Am Dienstag ging es mit den Römern weiter, wir besichtigen Caesarea am Mittelmeer, eine Hafenstadt mit wechselvoller Geschichte und vielen gut erhaltenen römischen Überresten.
Selbst das Aquaedukt steht noch, das die Stadt damals mit frischem Wasser versorgte.IMG 4162

Abends fand an der Schule eine Purim-Party statt, also für uns eine Faschingsparty mit lauter Musik und guter Stimmung.
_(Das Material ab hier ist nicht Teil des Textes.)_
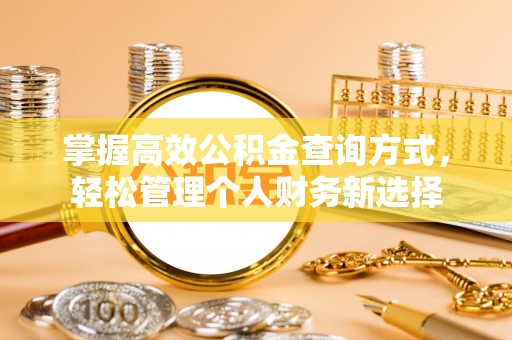 户县掌握高效公积金查询方式，轻松管理个人财务新选择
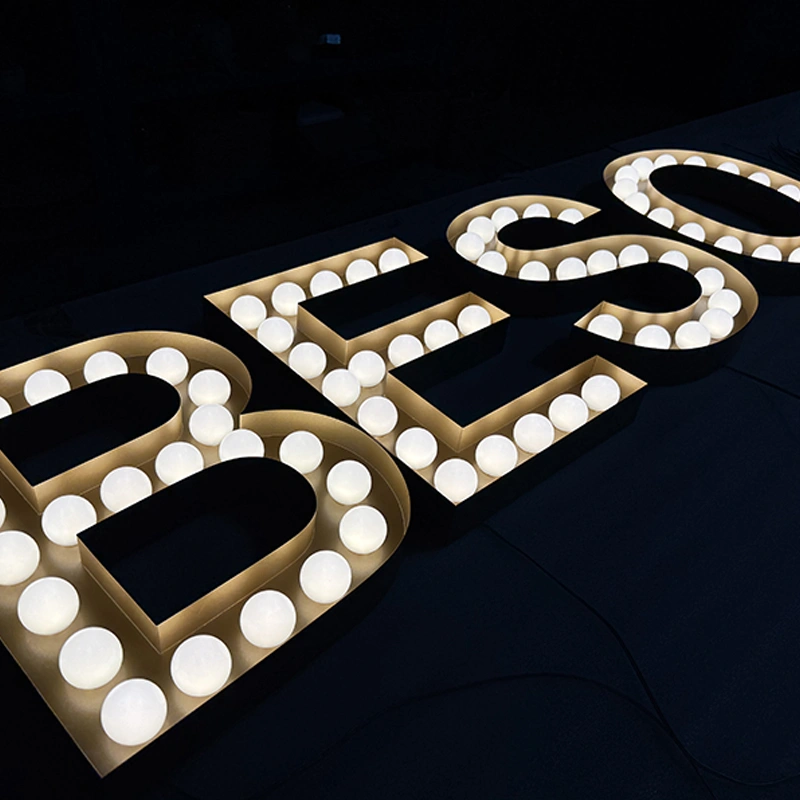 Open Face Channel Letters with Bulb Illumination | Vintage Marquee Style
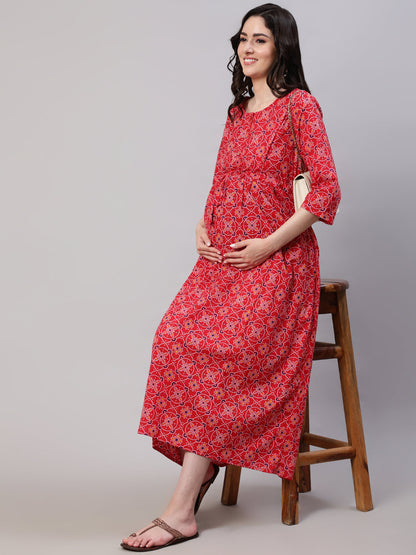 Women Red Printed Flared Maternity Dress | LASVINI - Redefining Indian Fashion with Elegance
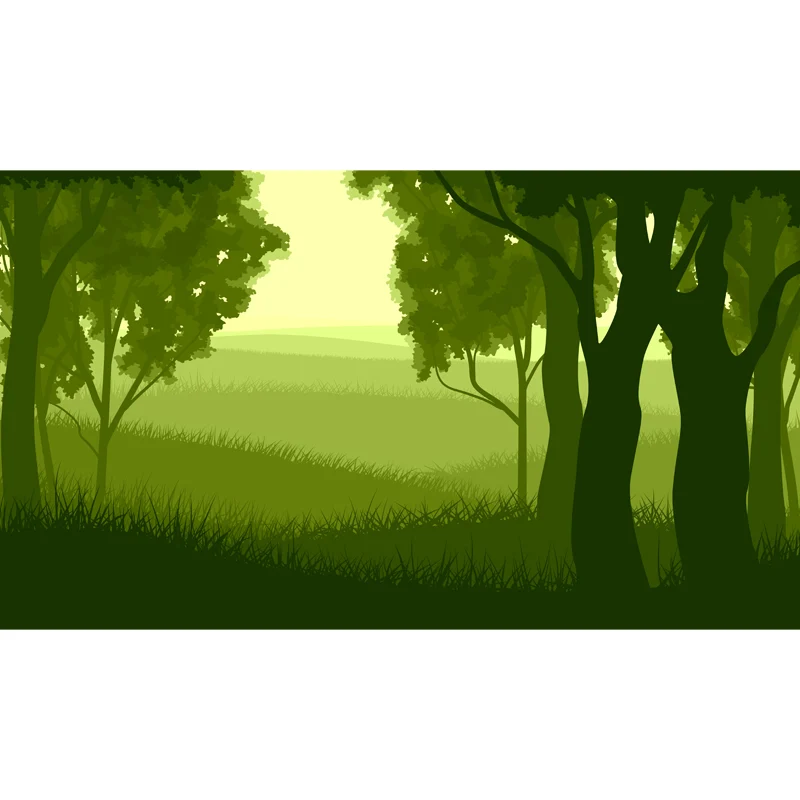 Mural moderno de pradera y bosque para dormitorio, arte de pared de tamaño personalizado en verde, no tejido Verde Clearhalo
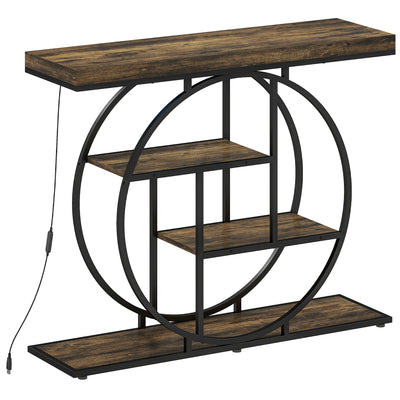 Console meuble avec éclairage LED 100 cm, table console à 4 niveaux avec étagères ouvertes, marron rustique et noir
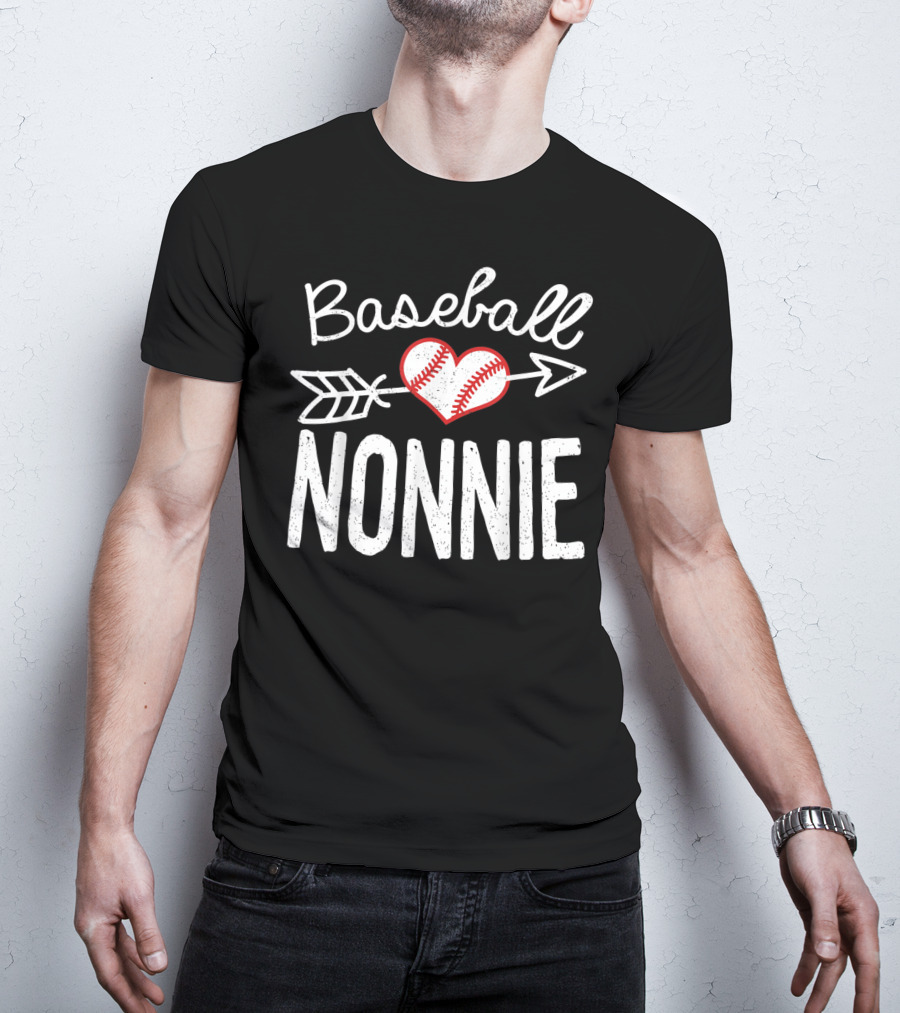 Baseball Nonnie Heart Arrow T-Shirt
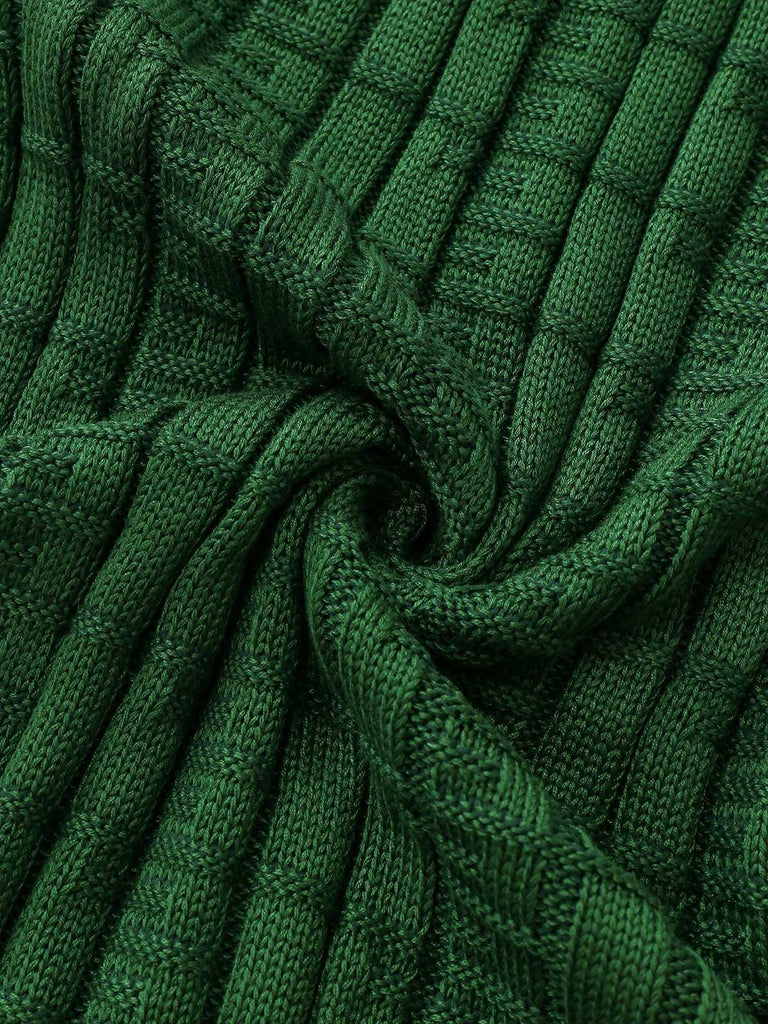 1960s Square Neck Pearl Button Knitted Dress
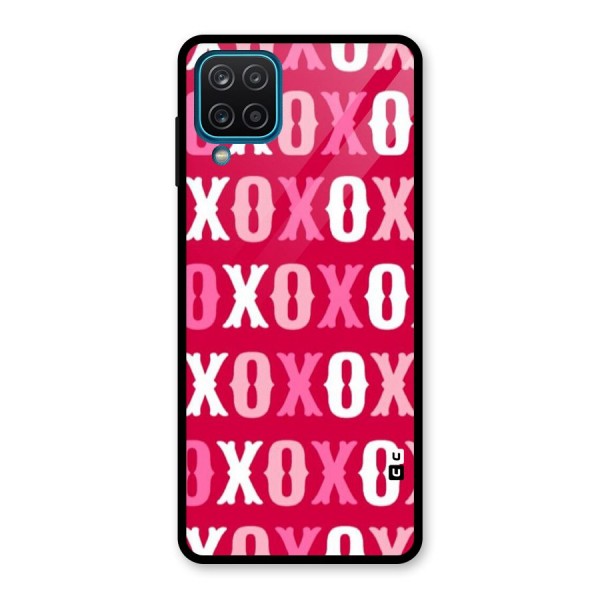 Pink White Xoxo Glass Back Case for Galaxy A12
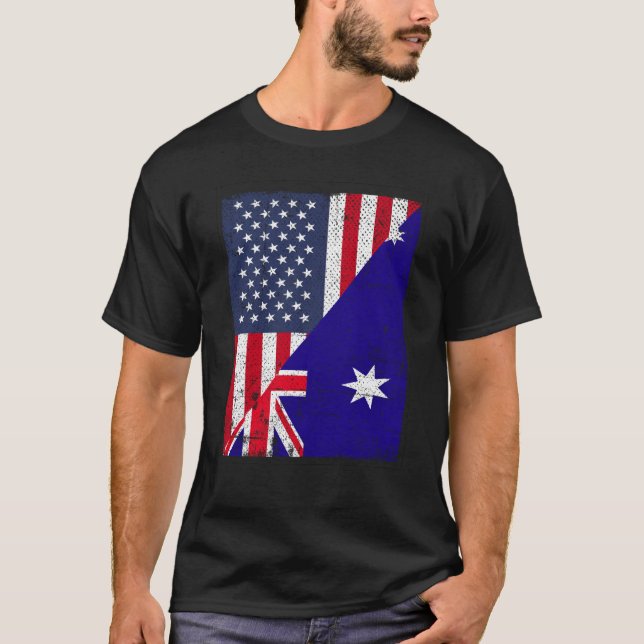 T-shirt Drapeau semi-américain Australie Drapeau austral a (Devant)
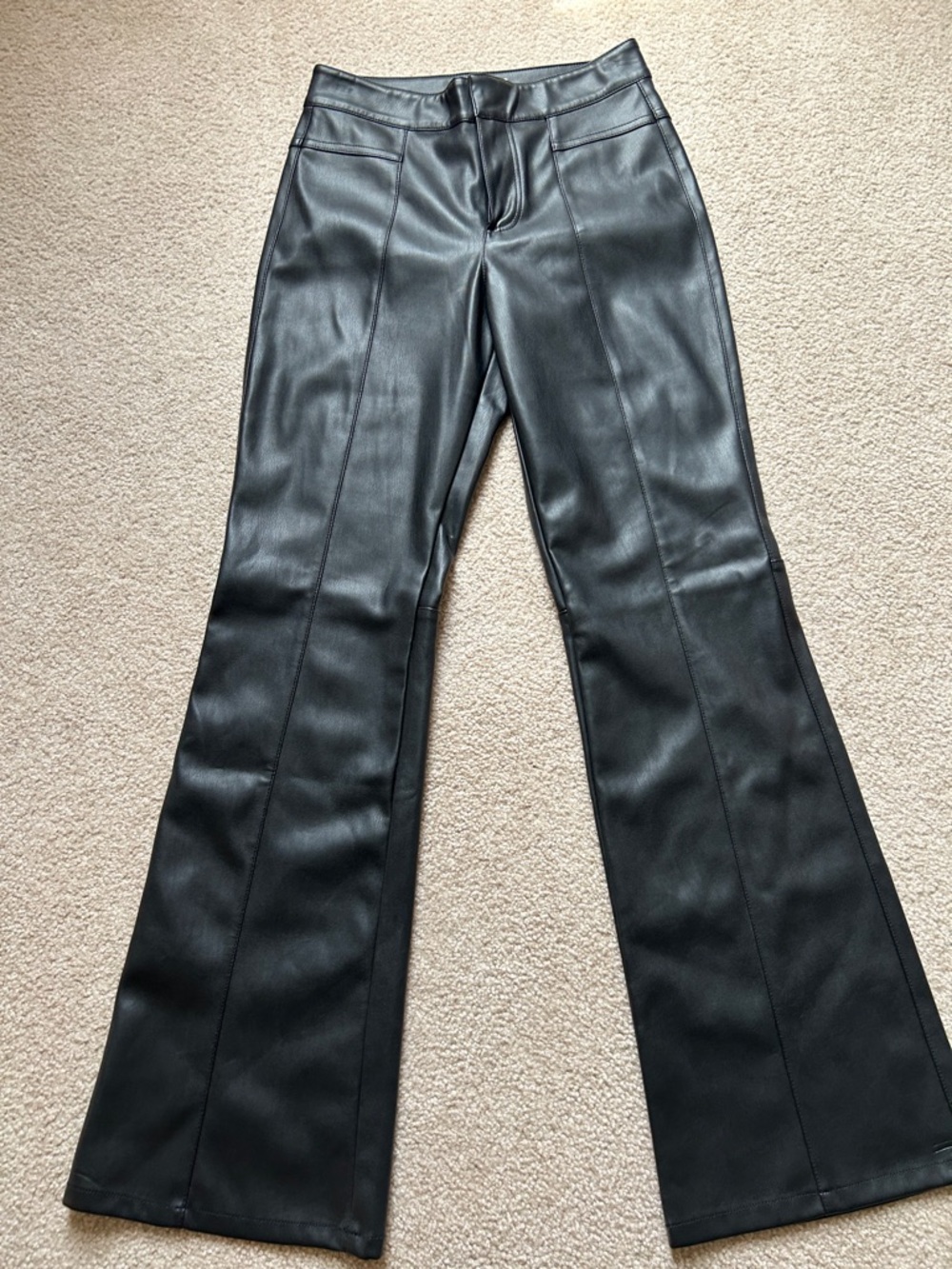 We The Free Black Faux Leather Bootcut Pants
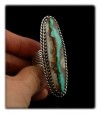 Pictured here is a beautiful Art Deco Style handmade long Sterling Silver Ring with Royston Turquoise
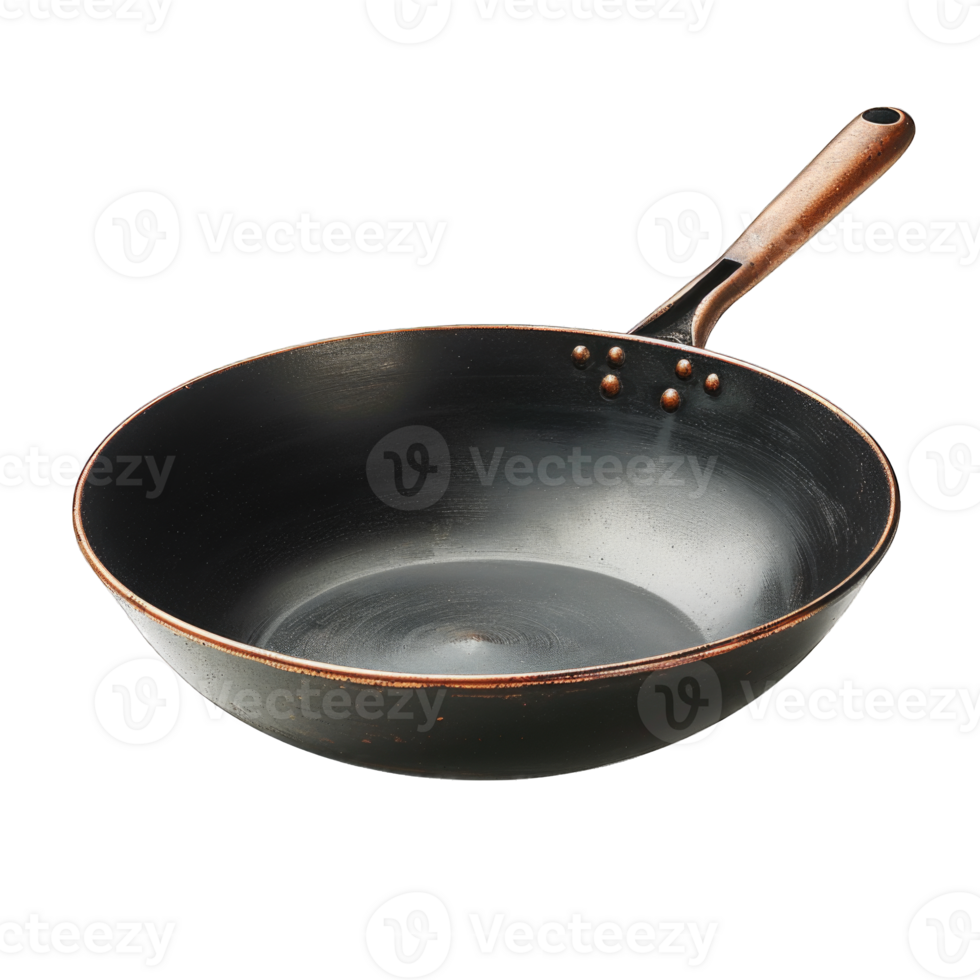 High-quality black wok with wooden handle isolated on transparent background cutout png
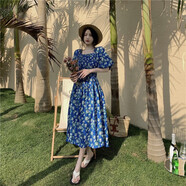 顯瘦法式喇叭袖v領(lǐng)印花夏季休閑淑女荷葉邊公主裙新款夏天復古 藍色 M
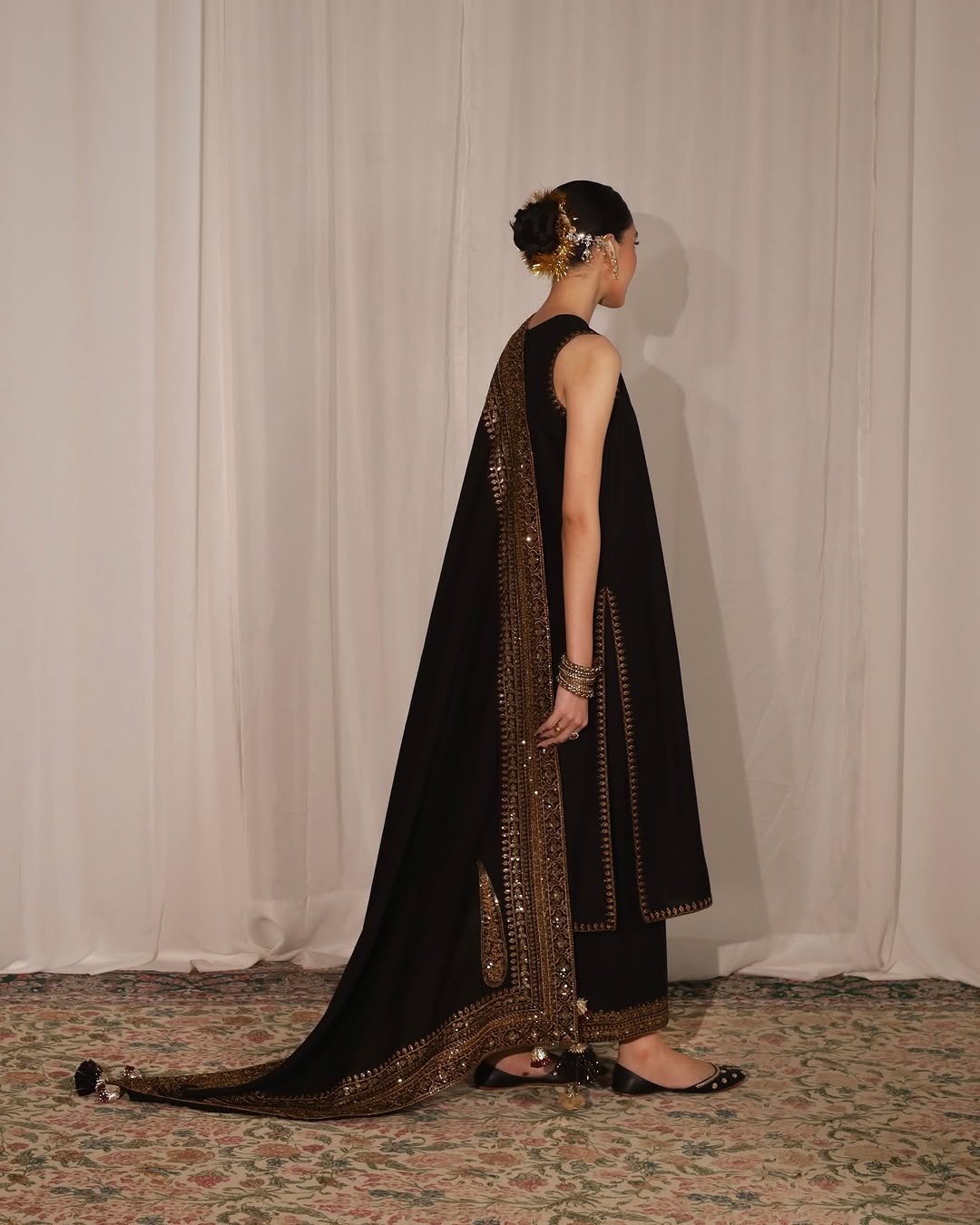 Black Mystique Dhanak  Unstitched  | 3pcSuit V239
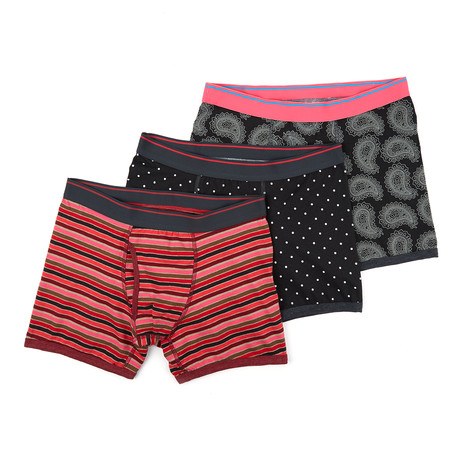 Boxer Briefs // Black + Grey + Red // Pack of 3 (S)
Den letzten Tag verbrachten wir in Jerusalem. Dort begaben wir uns zunächst nach Yad Vashem, dem Schoah (Holocaust) - Gedenkmuseum. Nach Nationalitäten getrennt wurden Deutsche und Israelis durch den Museumskomplex geführt. Anhand der Viten von Schoah- Opfern wird das grausame Schicksal des jüdischen Volkes während der Herrschaft der Nationalsozialisten gezeigt. Durch diese Art der Darstellung wird die Schoah zur persönlich nachvollziehbaren Grausamkeit. Sehr eindrucksvoll sind ein Haufen Schuhe, welche direkt aus Auschwitz stammen. Im Anschluss an die Führung, welche an keinem spurlos vorübergegangen war, gedachte die wieder vereinte Gruppe in einer kleinen Zeremonie an einem Mahnmal der Opfer des Nationalsozialismus.
Von Yad Vashem aus gingen wir hinüber zum Mount Herzl, der Begräbnisstätte von vielen berühmten Israelis, aber auch von vielen jungen Soldaten, die in einem der Kriege gestorben waren. Danach suchen wir einen landestypischen Bazar auf: Eine enge Gasse, zu beiden Seiten von Ständen und Geschäften gesäumt, vor welchen die Besitzer sich aufhalten, um uns lauthals schreiend ihre Waren anzubieten. Man findet hier nahezu alles, von der Kippa über  Weihrauch und Kleidung bis zum Rosenkranz und Gewürzen. Ein Paradies für uns um noch letzte Mitbringsel einzukaufen.IMG 4216

Donnerstag, Tag der Abreise. Die ganze Gruppe traf sich vor der Schule, verabschiedete sich tränenreich mit der Gewissheit des Wiedersehens in vier Monaten in Baden-Baden. Und dann fuhren wir leider wieder mit dem Bus zum Flughafen.
Am Flughafen wurden wir zunächst wie üblich ausgefragt: Name, Herkunft, Reiseziel, ob man vor dem Flughafengebäude oder in demselbigen von einer unbekannten Person mit einem Kurierdienst beauftragt worden sei und einiges mehr. Endlich waren wir durch die Sicherheitskontrollen und hatten eingecheckt.
Aber eigentlich würde jeder von uns gerne seinen Aufenthalt verlängern, die acht Tage waren viel zu kurz für dieses wunderschöne Land.
Daher ist eines gewiss: Israel – wir kommen wieder!